> [AIM OF THE EXERCISE]
Once you find the line containing "Active With Contract: $179,900", set down exactly that line and every one after it through the end of the listing below, with both ends included and any pictures omitted.

> [INFORMATION PROVIDED]

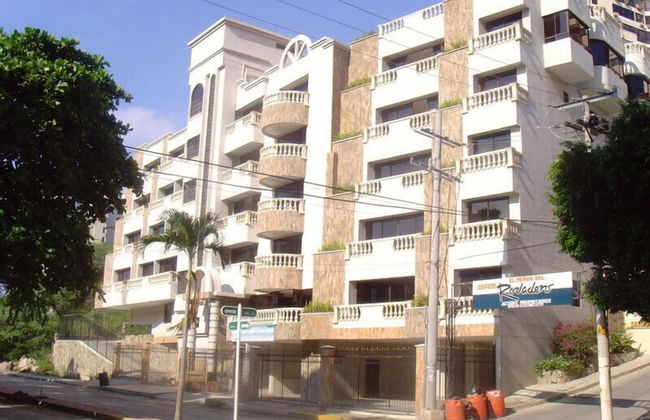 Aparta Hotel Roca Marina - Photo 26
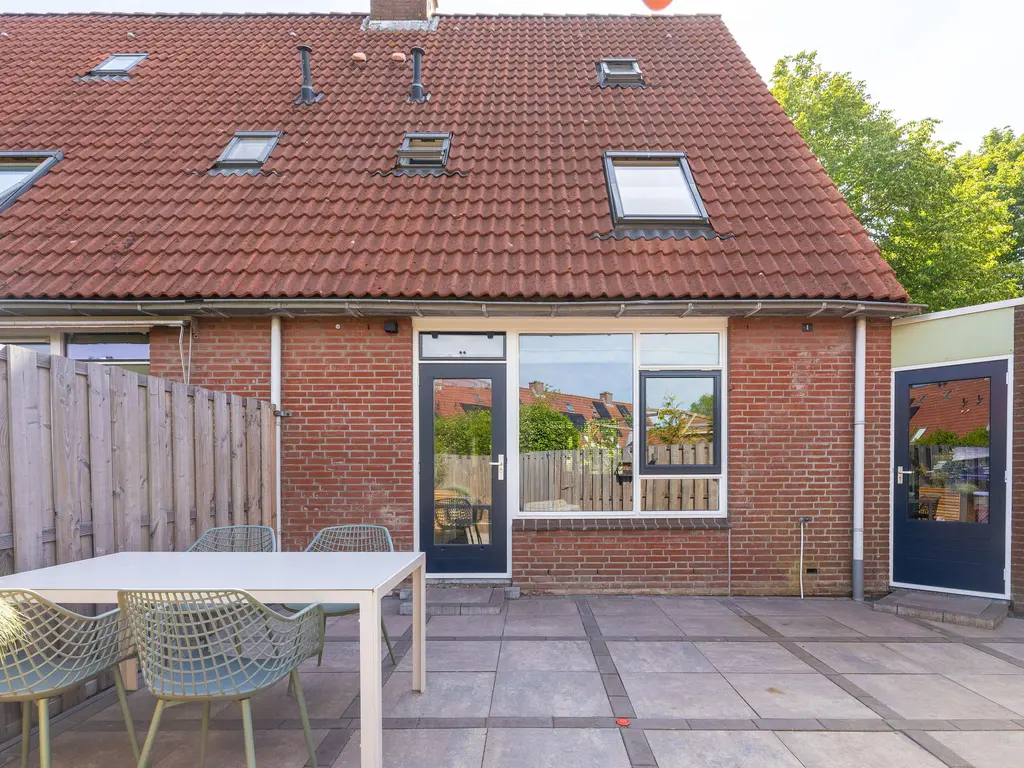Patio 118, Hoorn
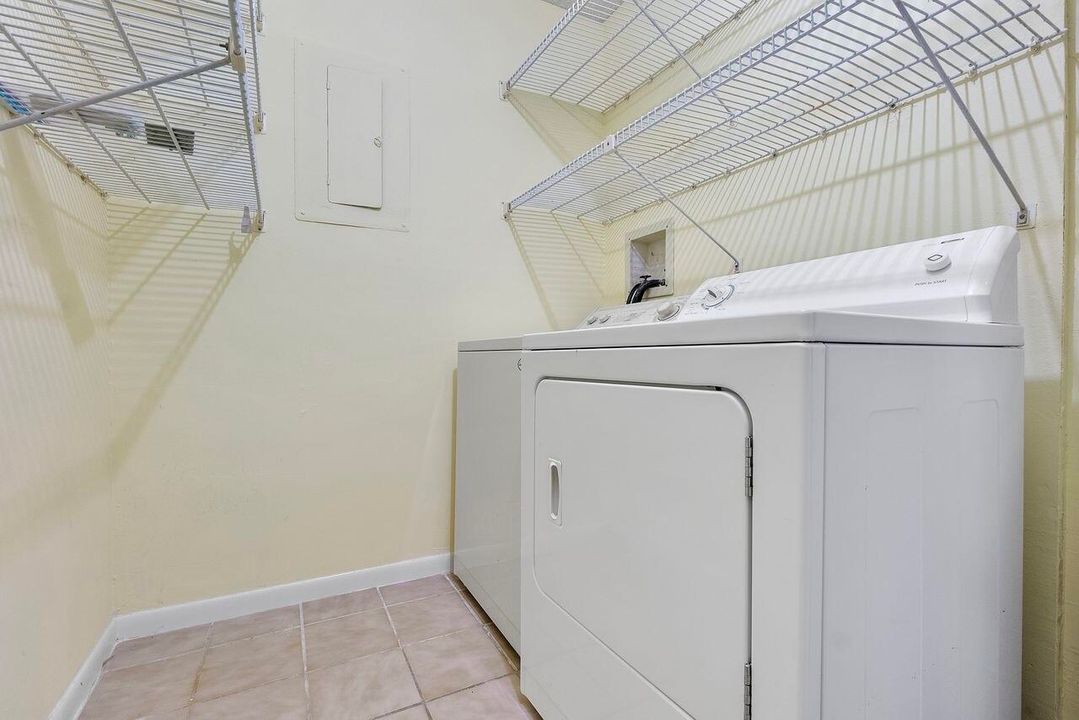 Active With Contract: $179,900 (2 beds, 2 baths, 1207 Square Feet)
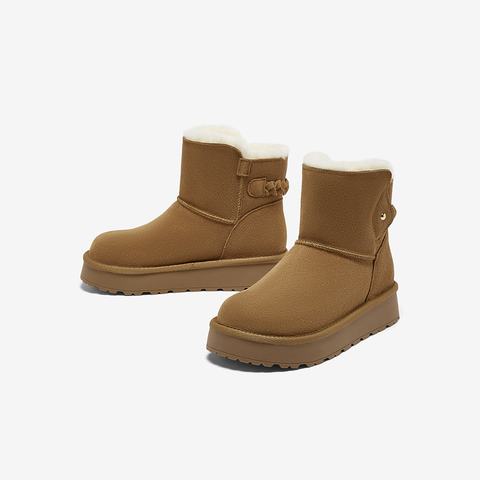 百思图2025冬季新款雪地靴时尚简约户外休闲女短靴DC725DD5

> [SOLUTION TO THIS TASK]
 Active With Contract: $179,900 (2 beds, 2 baths, 1207 Square Feet)
 百思图2025冬季新款雪地靴时尚简约户外休闲女短靴DC725DD5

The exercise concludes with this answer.